What is being asked: Repeat every line of the data exactly, but not the pictures.

(Record set Opens)

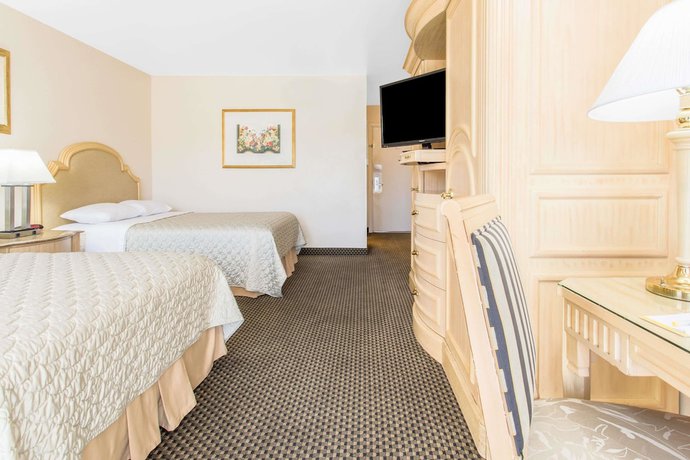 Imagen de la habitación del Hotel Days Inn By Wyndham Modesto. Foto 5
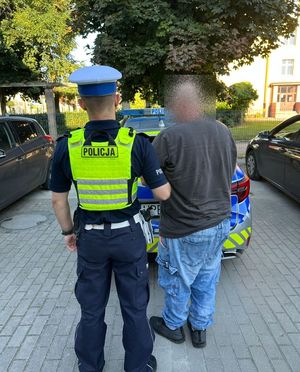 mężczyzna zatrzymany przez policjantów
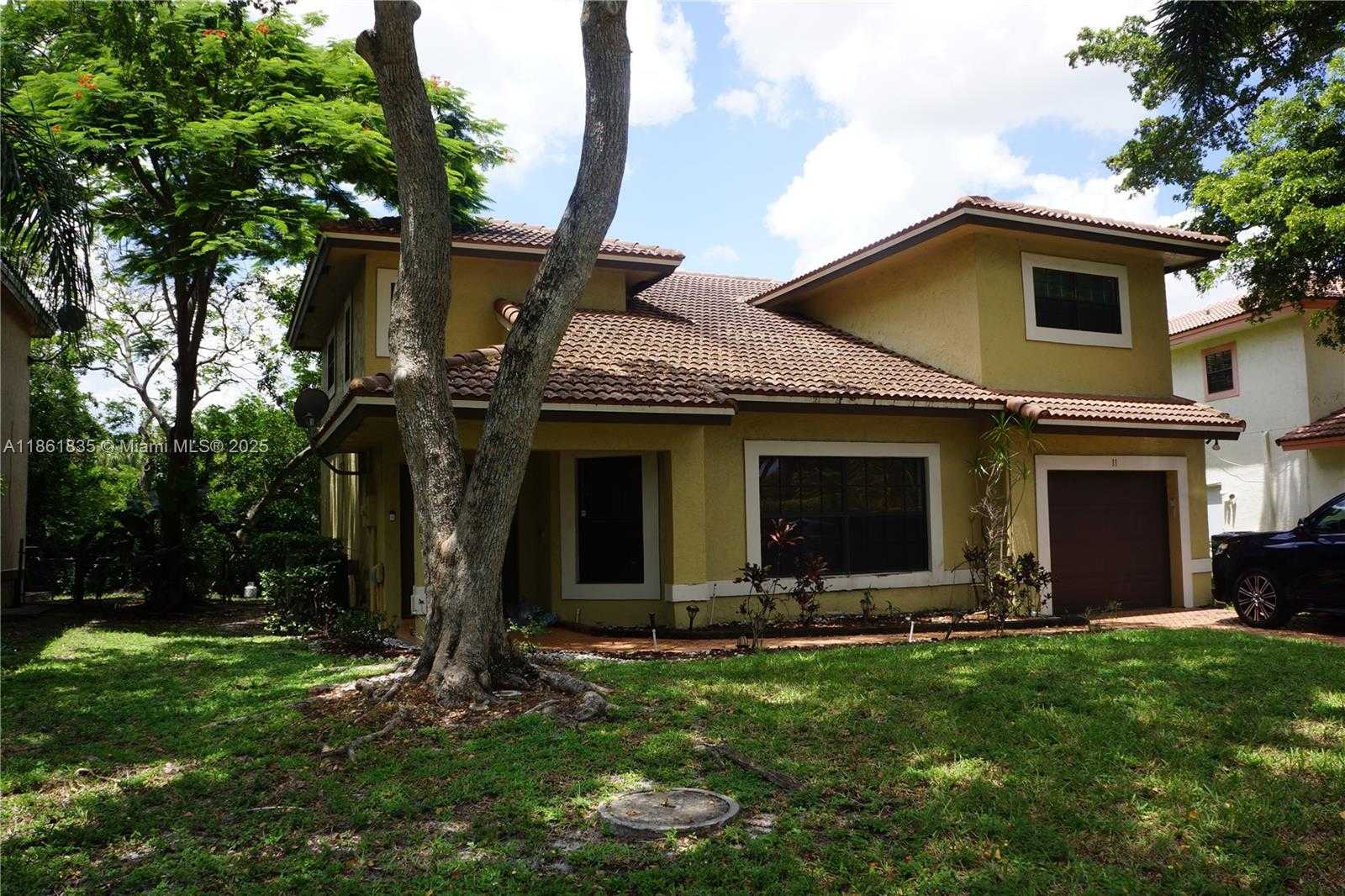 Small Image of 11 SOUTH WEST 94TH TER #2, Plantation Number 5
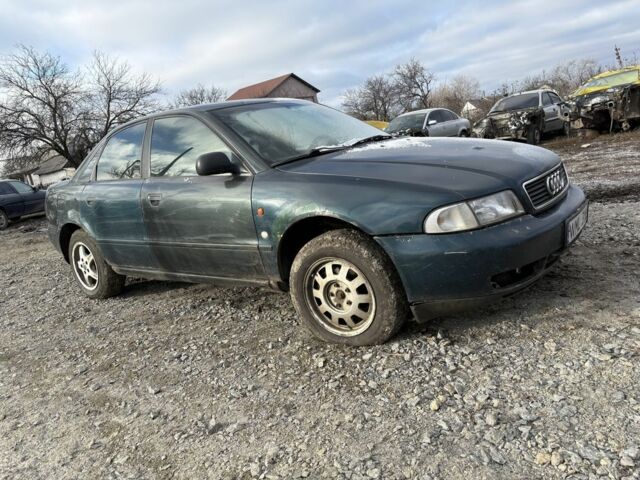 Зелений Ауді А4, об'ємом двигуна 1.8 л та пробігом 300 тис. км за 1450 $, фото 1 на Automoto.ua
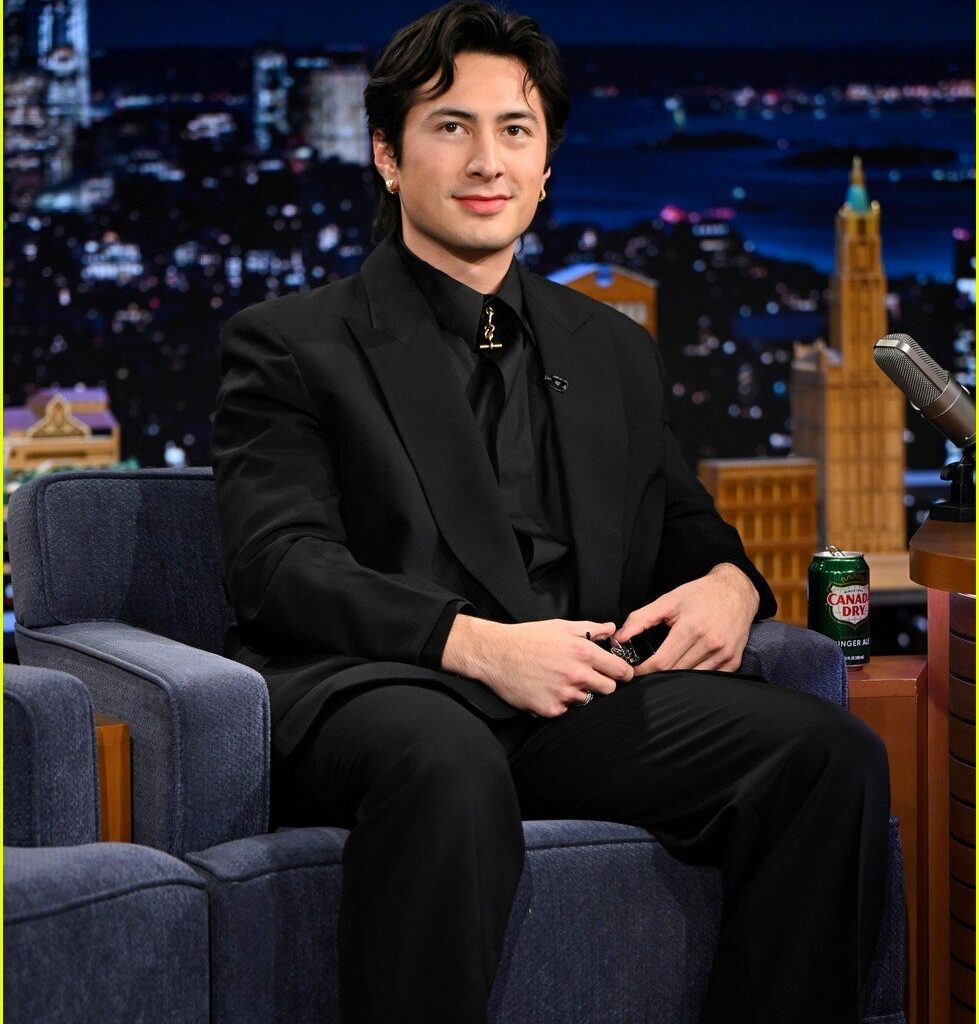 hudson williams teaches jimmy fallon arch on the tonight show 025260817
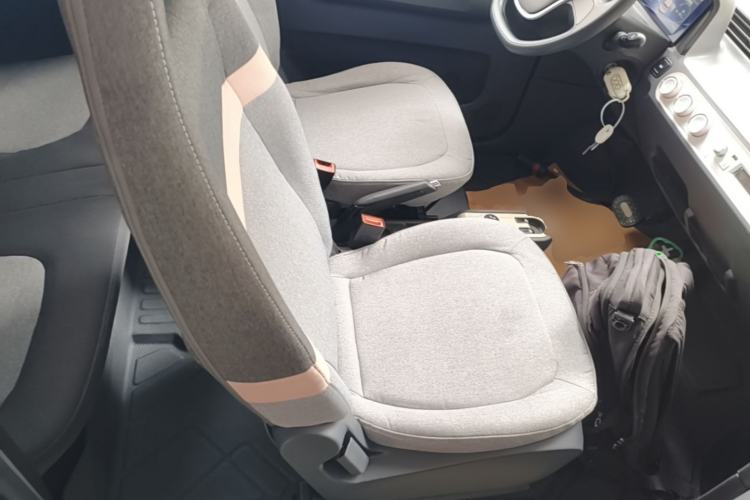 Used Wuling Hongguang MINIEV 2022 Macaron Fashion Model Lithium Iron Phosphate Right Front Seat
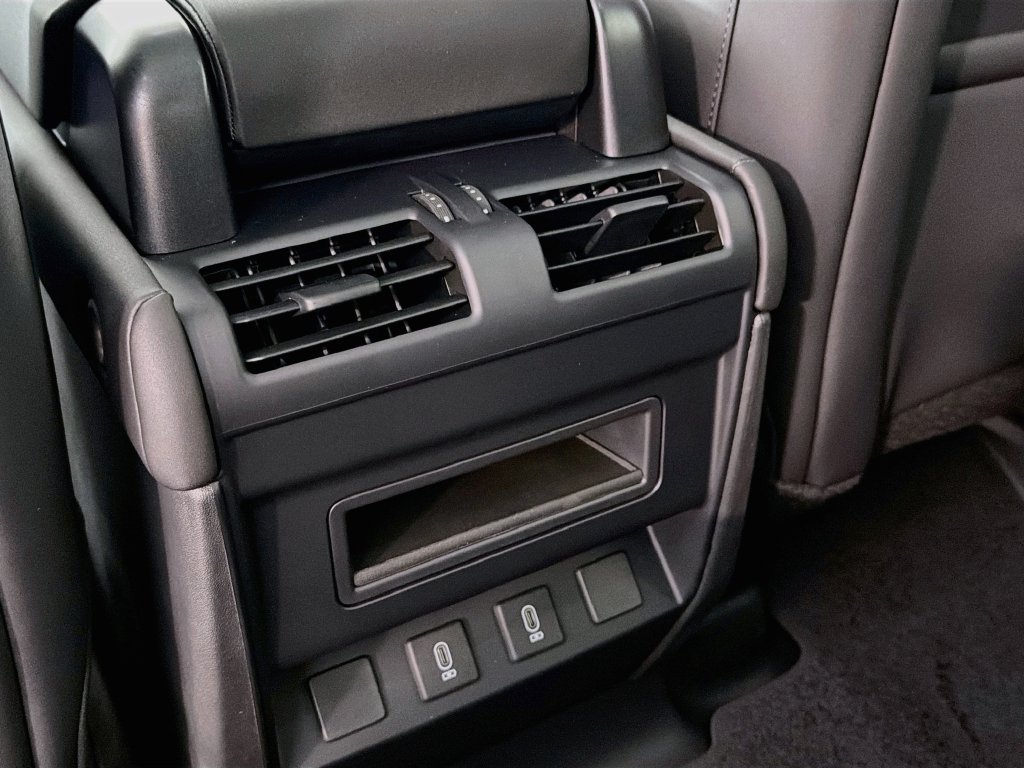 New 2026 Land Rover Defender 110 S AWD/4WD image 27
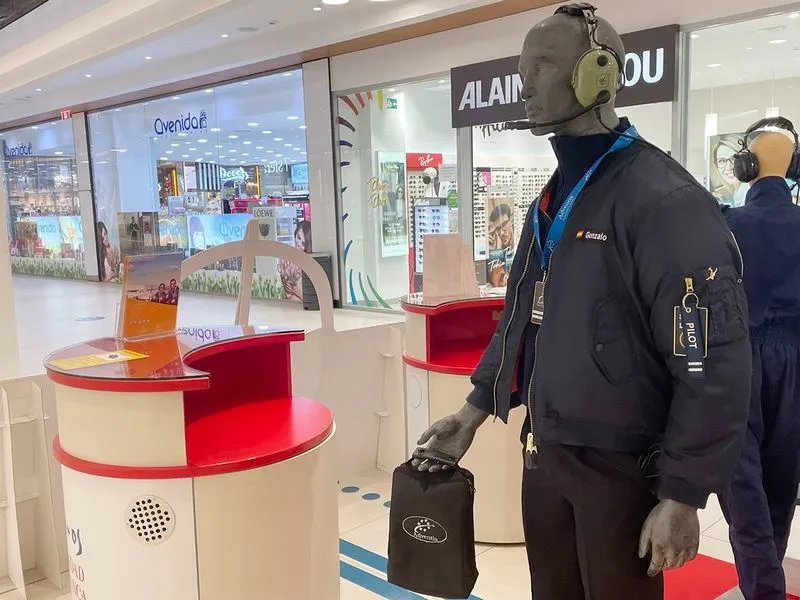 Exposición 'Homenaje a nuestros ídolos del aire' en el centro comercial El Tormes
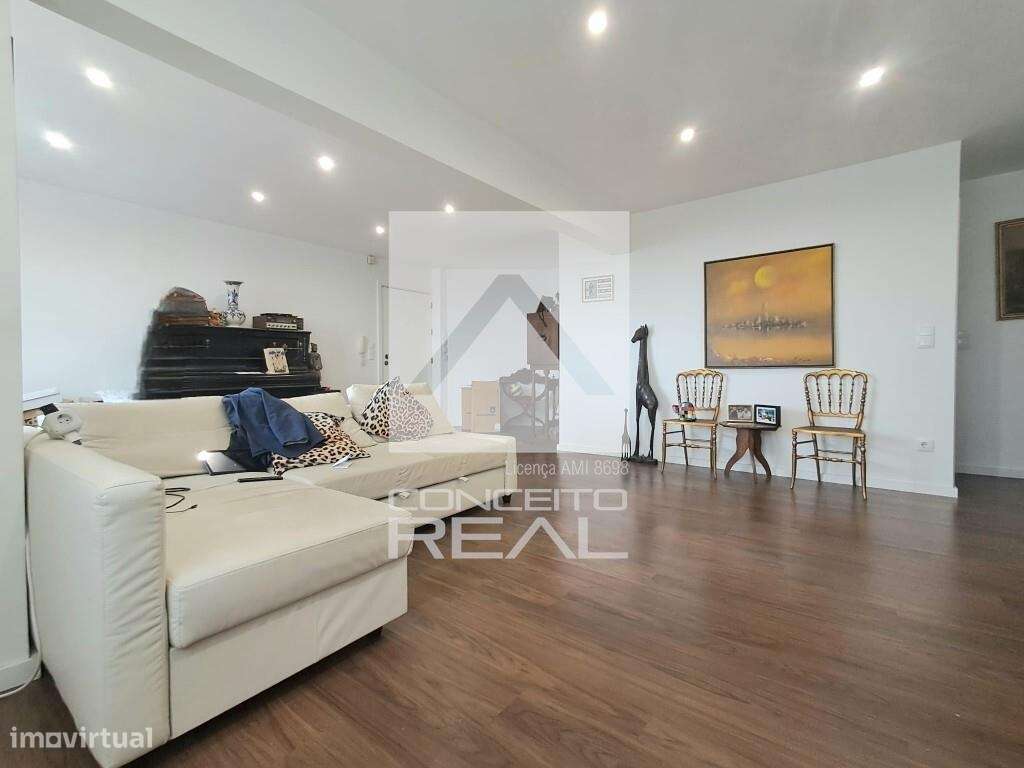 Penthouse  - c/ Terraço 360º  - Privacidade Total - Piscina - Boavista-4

(Record set Closes)

Expected output:
 Imagen de la habitación del Hotel Days Inn By Wyndham Modesto. Foto 5
 mężczyzna zatrzymany przez policjantów
 Small Image of 11 SOUTH WEST 94TH TER #2, Plantation Number 5
 Зелений Ауді А4, об'ємом двигуна 1.8 л та пробігом 300 тис. км за 1450 $, фото 1 на Automoto.ua
 hudson williams teaches jimmy fallon arch on the tonight show 025260817
 Used Wuling Hongguang MINIEV 2022 Macaron Fashion Model Lithium Iron Phosphate Right Front Seat
 New 2026 Land Rover Defender 110 S AWD/4WD image 27
 Exposición 'Homenaje a nuestros ídolos del aire' en el centro comercial El Tormes
 Penthouse  - c/ Terraço 360º  - Privacidade Total - Piscina - Boavista-4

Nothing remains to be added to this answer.